Vucevic bounced back Monday night with one of his best performances of the season, going for 26 points, 15 rebounds, four assists, three blocks and a steal while shooting 10-of-18 from the field and 4-of-7 from 3-point range. An airball on his first shot seemed to be a bad omen, but he shook that off and put forth a great effort, with several stretches of dominance that helped the Bulls build up big leads. He even had a pair of and-1s on aggressive forays to the rim, which is something that would be nice to see more of down low.
Of course, the Bulls did almost choke away a lead that was 28 points in the third quarter and 17 points with 5:50 to play after one of those stretches of Vooch dominance seemed to put the game away. Chicago’s offense totally melted down, with Vucevic committing one bad turnover down the stretch and then mostly playing a bystander role outside of one awful shot that had no chance after Zach LaVine tossed him a grenade at the end of the shot clock. It would have been nice to see the Bulls go to the big man more in crunch time, but LaVine and Coby White really struggled with ball pressure and couldn’t get him the ball in good spots. Luckily, the Bulls squeaked out a one-point win.

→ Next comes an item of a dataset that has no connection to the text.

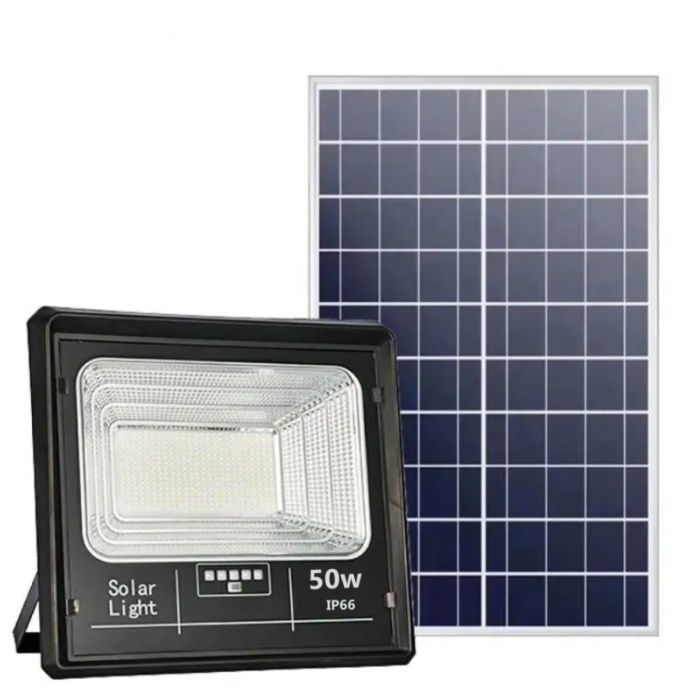 PACHET 3 X Proiector LED Cu Panou Solar , 50W, Control Prin Telecomand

Perhaps it’s no surprise that the Bulls fell apart as Vucevic got quiet, as he has been something of a barometer for this team this season. It’s no surprise that teams win more when their best players play well and lose more when they play poorly, but Vucevic’s win/loss splits are truly astounding and way more drastic than the Bulls’ other stars.
The Bulls are 25-14 with Vooch in the lineup this season. In those 25 wins, he boasts averages of 17.9 points, 12.0 rebounds, 3.5 assists, 1.3 blocks and 1.2 steals in 33.7 minutes while shooting 46.3% overall and 38.6% from 3-point range on 5.1 attempts per game. That field goal percentage is still a bit below his career mark of 49.2%, but it’s at least respectable and that 3-point percentage is excellent. His poor finishing around the rim is the main culprit for that overall field goal percentage not being quite as high in wins, though he has been more aggressive getting shots down there in these games:
In Bulls wins, they have a 116.4 offensive rating, 104.4 defensive rating and 12.1 net rating with Vucevic on the court.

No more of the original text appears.